A partir de reportagem veiculada em rádio de alcance nacional[i], descobriu-se que “Amélia”, na verdade, era Merides e que, apesar de alguns dados fantasiosos apresentados por este escriba, a morte ocorreu, bem como foi realizada a lastimável opção por não decidir por parte do Poder Judiciário.

Ao ser procurada pelo mesmo veículo midiático – postura salutar em um modelo democrático de sociedade – a autoridade judicial, de acordo com a rádio CBN, afirmou que não poderia se manifestar porque o recurso estava em andamento. Mesmo com a atualização posterior do TJRJ, há de se inquirir sobre o que restava a falar sobre um agravo que perdeu o objeto, vez que a recorrente pereceu? Afirmar que se aproximava a data do julgamento monocrático de extinção do feito[ii]? Nem mesmo Salvador Dalí poderia imaginar uma manifestação nesse sentido!

Por vir do interior do país, aprendi a relevância dos ditos populares, e não foram poucas as vezes em que escutei que “sempre é possível piorar algo que já se encontra ruim”. No dia 14 de maio passado – e que grande presente para quem completava onze anos em exercício nas atividades defensoriais – a Associação dos Magistrados do estado do Rio de Janeiro –  AMAERJ – lançou uma nota pública de “esclarecimento”[iii].

Alguns trechos da explanação prestada por órgão de classe merecem ser destacados:

“A AMAERJ esclarece que a magistrada atuou de forma diligente e humanitária ao remeter imediatamente ao expediente regular a medida liminar de transferência da paciente de um hospital privado para a rede pública. É fundamental informar que a sra. Merides não estava desassistida e sim internada em um hospital considerado de excelência na rede particular, recebendo os cuidados médicos e recursos adequados ao seu quadro clínico.

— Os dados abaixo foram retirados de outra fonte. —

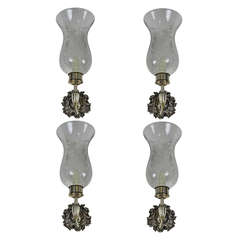 A Set of Four Storm Shade Wall Sconces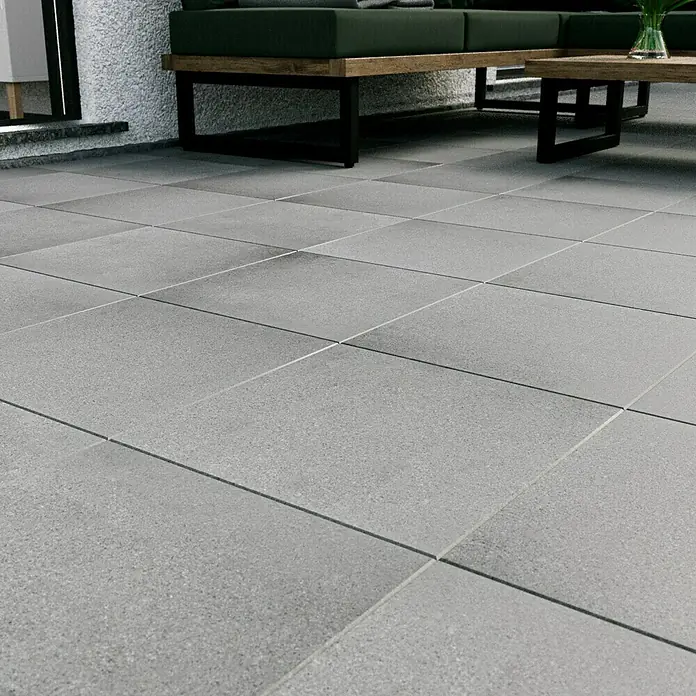 Terrassenplatte Titanio Glatt - 40 x 40 x 4 cm, Grau, Beton - Das Bild zeigt einen Terrassenbereich mit quadratischen, grauen Steinplatten, die ein modernes und schlichtes Design aufweisen. Ideal für Außenbereiche.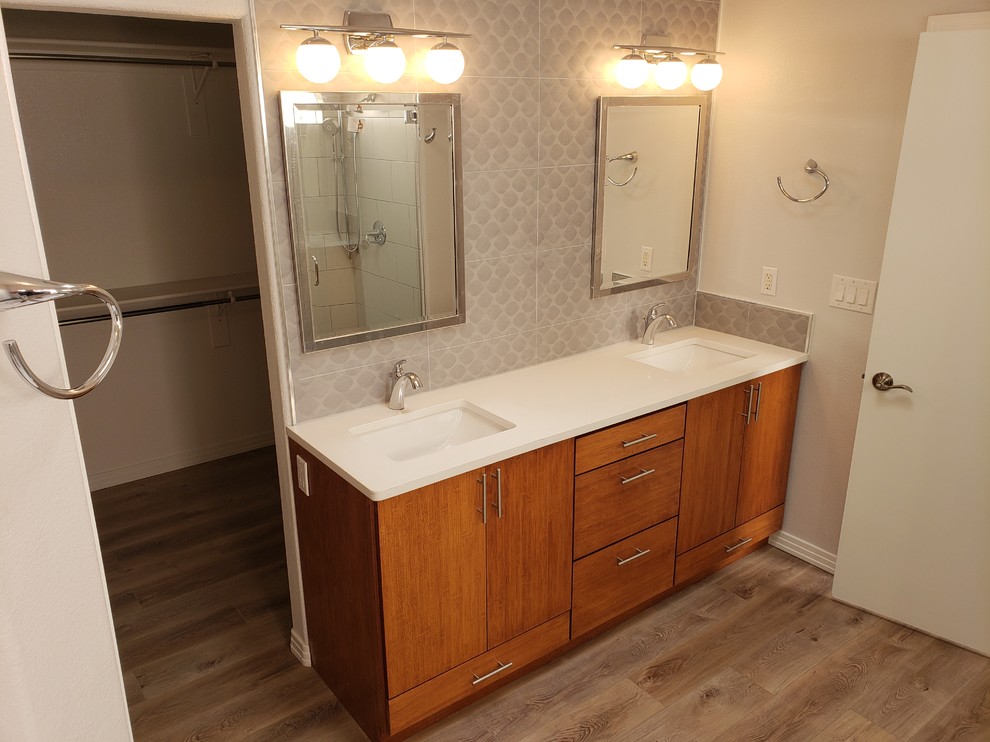 Design ideas for a mid-sized transitional master bathroom in Albuquerque with a corner shower, black walls, medium hardwood floors, an undermount sink, brown floor, a hinged shower door, a freestanding tub, flat-panel cabinets, medium wood cabinets, beige tile, ceramic tile, solid surface benchtops and white benchtops.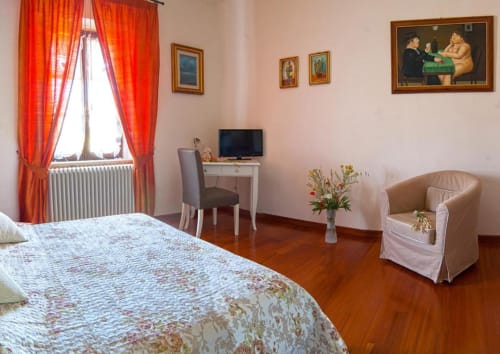 Ampia camera da letto presso B&B Torre Della Chiocciola con letto, poltrona, scrivania con TV e vivaci tende rosse a Monteriggioni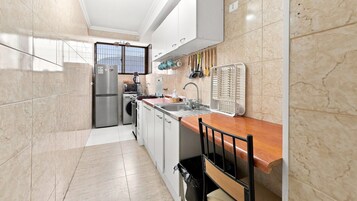 Cocina compacta con refrigerador, microondas, estufa, lavamanos y encimera de madera.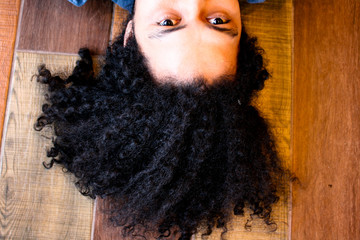 Man with curly hair looking up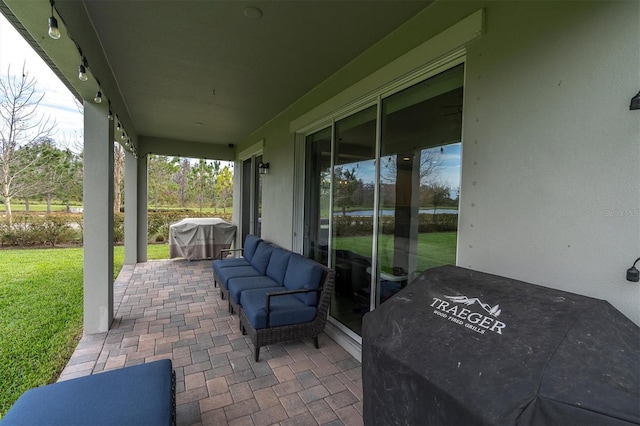 view of patio featuring an outdoor hangout area and grilling area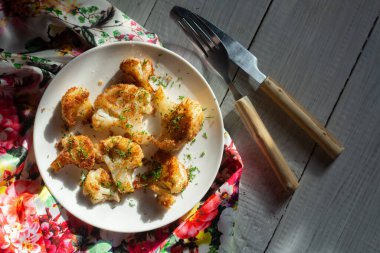 Ekmek kırıntılarında kızartılmış karnabahar ve beyaz bir tabakta dereotu.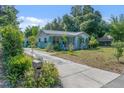 Inviting single-story home featuring a quaint front porch and well-maintained landscaping at 6709 N 13Th St, Tampa, FL 33604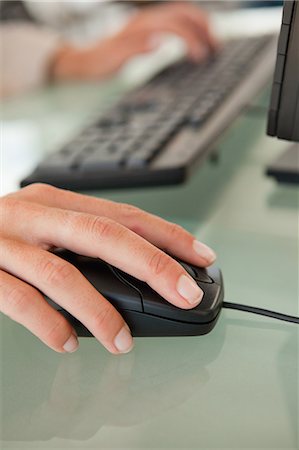 Woman's hand moving a mouse on a glass desk Fotografie stock - Premium Royalty-Free, Codice: 6109-06005459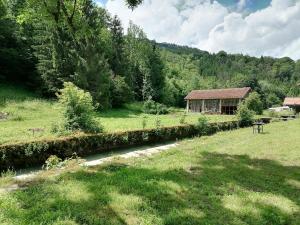 a house in a field next to a river at Best Price #A "LA REMISE" x4 people in Lods
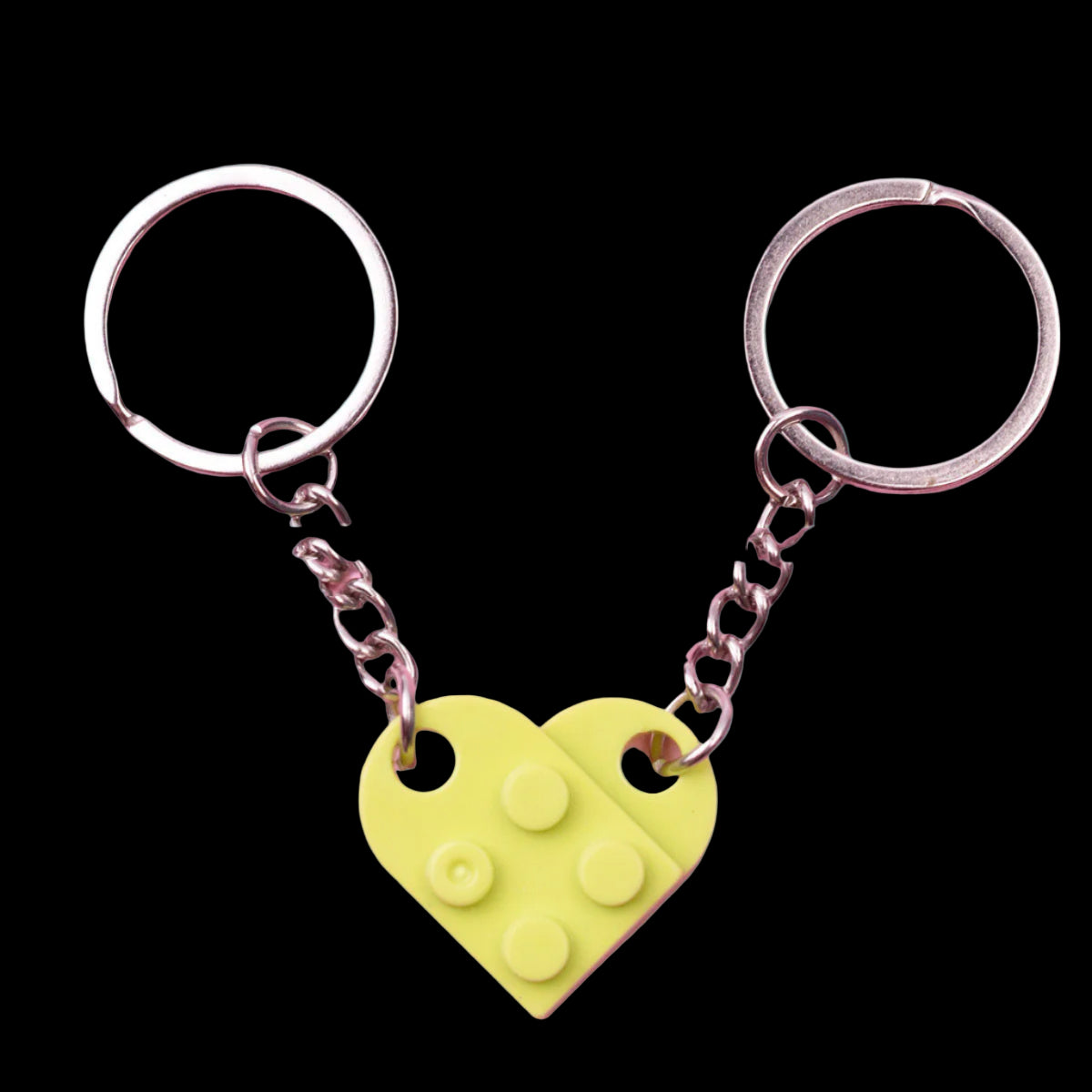 Two keychains with heart-shaped LEGO piece pendants on a pink background
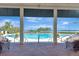 Covered outdoor seating area overlooking the beautiful community pool and scenic waterfront at 915 Tidewater Shores Loop, Bradenton, FL 34208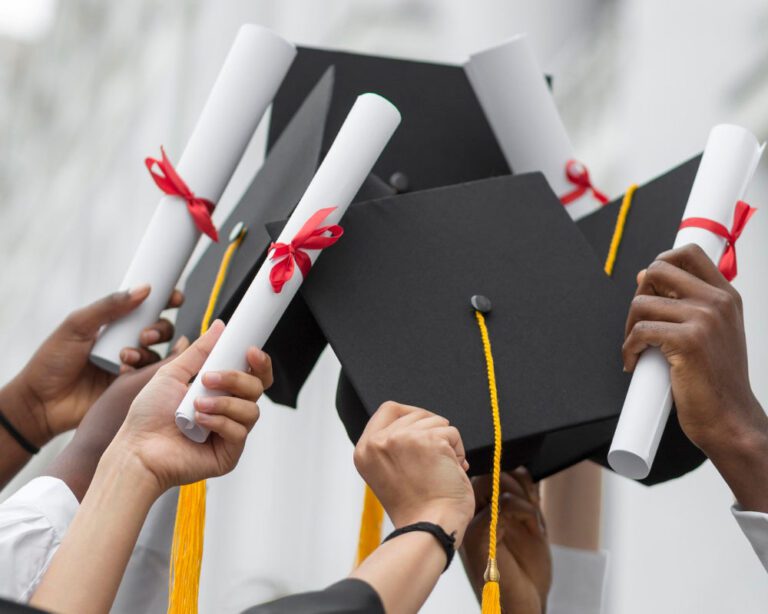 hands holding up graduation caps and diplomas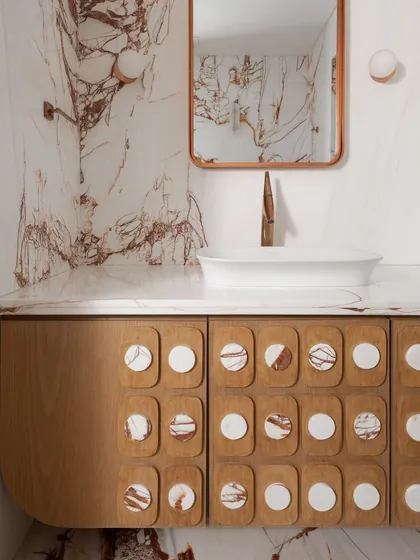 A powder room that makes a statement with dramatic red-veined white marble wrapping the walls and floor. We designed a custom wood veneer vanity with unique marble-inlaid circular details on the drawers.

Sendo assim, não corria risco de vida por falta de atendimento médico (…)” (destaquei)

Mais uma vez recorro à sabedoria popular – “a mentira corre e cansa, a verdade anda e alcança”. E faço todas essas considerações a partir de processo público que pode ser aferido por qualquer pessoa. A agora falecida necessitava de internação em CTI; logo, ao contrário do afirmado, não recebia cuidados médicos e adequados. E a necessidade de CTI foi subscrita por pessoa capacitada, entenda-se médico que elaborou laudo que apontava para a necessidade de internação em unidade de terapia intensiva de uma pessoa idosa com quadro infeccioso grave.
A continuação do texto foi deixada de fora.